## Task input
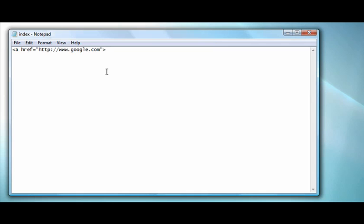Then you need to type what you actually want, the text or image you actually want to link. So you might type out Google, and then you end it with open bracket, forward slash, A, close bracket.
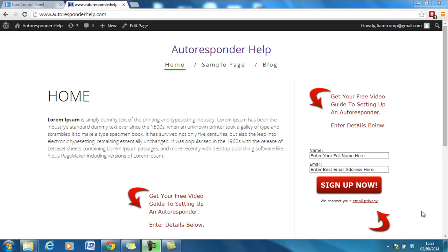In this quick bonus video I want to show you a plugin that I use on my websites in order to increase my opt-in rates.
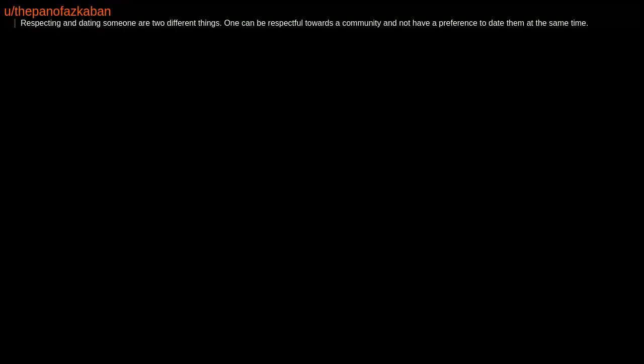Okay then, that was always allowed. Respecting and dating someone are two different things. One can be respectful towards a community and not have a preference to date them at the same time. I mean, you choose who you want. No one can tell you differently.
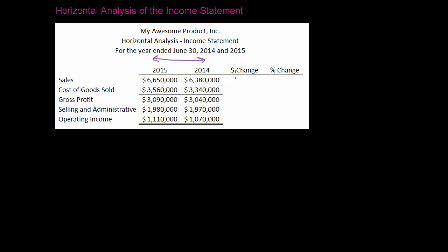The first thing you want to do is the dollar change. The way I like to think about it is 2015 minus 2014 equals your dollar change. So if we take the difference in sales, our sales went up so we know this is going to be a positive number. You want to record positive changes as positive and negative changes as negative. My sales increased by $270,000. My cost of goods sold also increased: $3,560,000 minus $3,340,000 is a difference of $220,000.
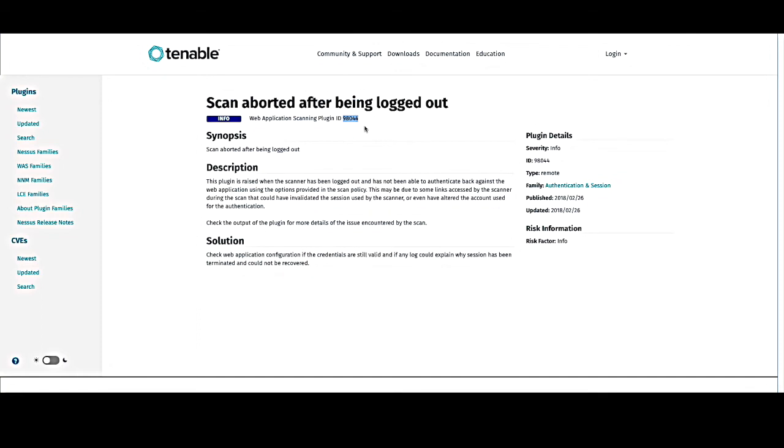The next example is 98044, scan aborted after being logged out. This one's a little tougher to get around because it will actually abort the scan. That means that your scan ended prematurely, and you need to take care of this issue. You should definitely look for cases where there is a logout button that is not being excluded from a URL exclusion, perhaps.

## What you have to do
Return each record above as it stands. Pictures stay out.

## Result for this task
Then you need to type what you actually want, the text or image you actually want to link. So you might type out Google, and then you end it with open bracket, forward slash, A, close bracket.
In this quick bonus video I want to show you a plugin that I use on my websites in order to increase my opt-in rates.
Okay then, that was always allowed. Respecting and dating someone are two different things. One can be respectful towards a community and not have a preference to date them at the same time. I mean, you choose who you want. No one can tell you differently.
The first thing you want to do is the dollar change. The way I like to think about it is 2015 minus 2014 equals your dollar change. So if we take the difference in sales, our sales went up so we know this is going to be a positive number. You want to record positive changes as positive and negative changes as negative. My sales increased by $270,000. My cost of goods sold also increased: $3,560,000 minus $3,340,000 is a difference of $220,000.
The next example is 98044, scan aborted after being logged out. This one's a little tougher to get around because it will actually abort the scan. That means that your scan ended prematurely, and you need to take care of this issue. You should definitely look for cases where there is a logout button that is not being excluded from a URL exclusion, perhaps.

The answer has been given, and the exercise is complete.